◆ **Input data**

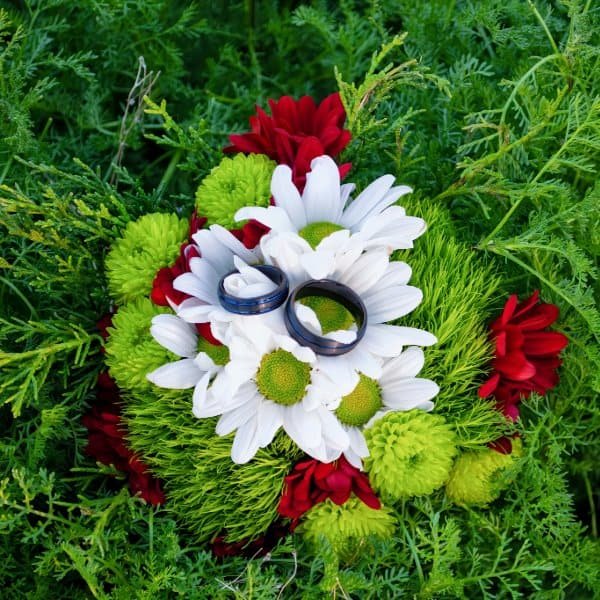 Beautiful wedding floral arrangement with rings, daisies, and lush greenery.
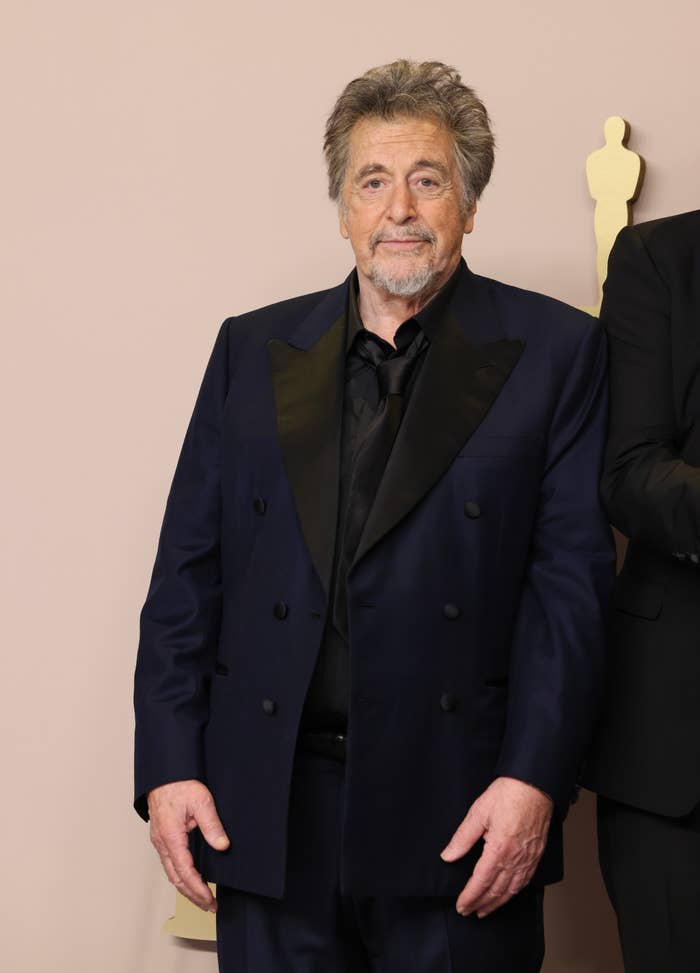 A person in a dark suit with a double-breasted jacket stands on a formal event backdrop featuring award statue silhouettes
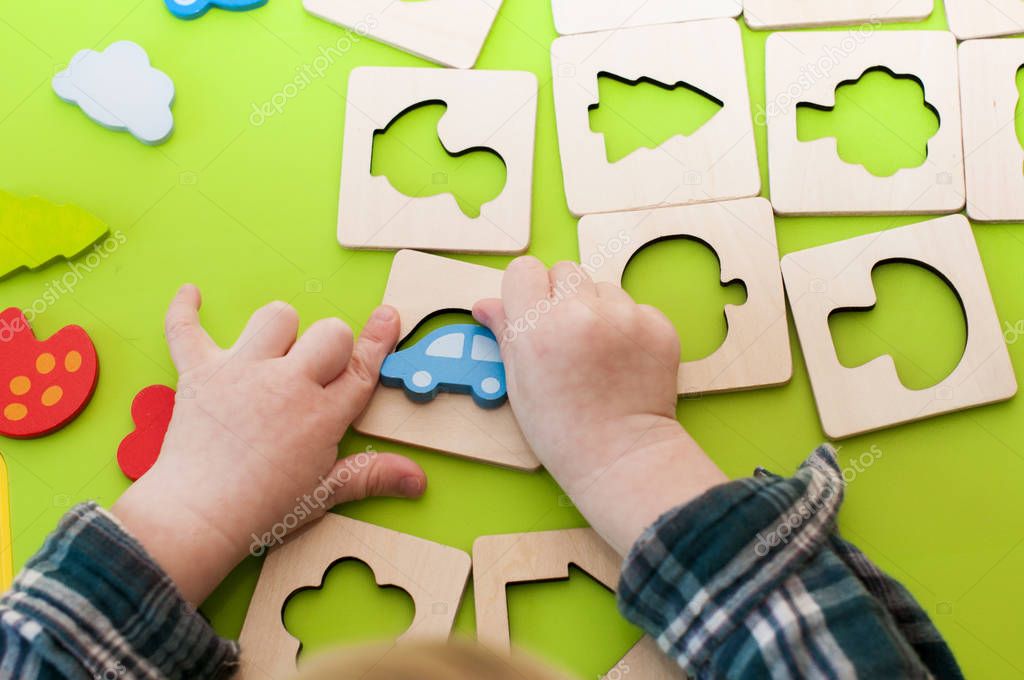 children's hands playing with wooden shape sorter 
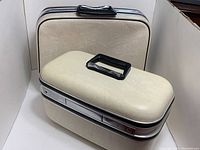 Large cream hard case suitcase and smaller matching makeup case with black handles and chrome details.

◆ **About this task**
Set down exactly, line for line, the data from the line that contains "A person in" through its last line, keeping pictures out.

◆ **Task answer**
 A person in a dark suit with a double-breasted jacket stands on a formal event backdrop featuring award statue silhouettes
 children's hands playing with wooden shape sorter 
 Large cream hard case suitcase and smaller matching makeup case with black handles and chrome details.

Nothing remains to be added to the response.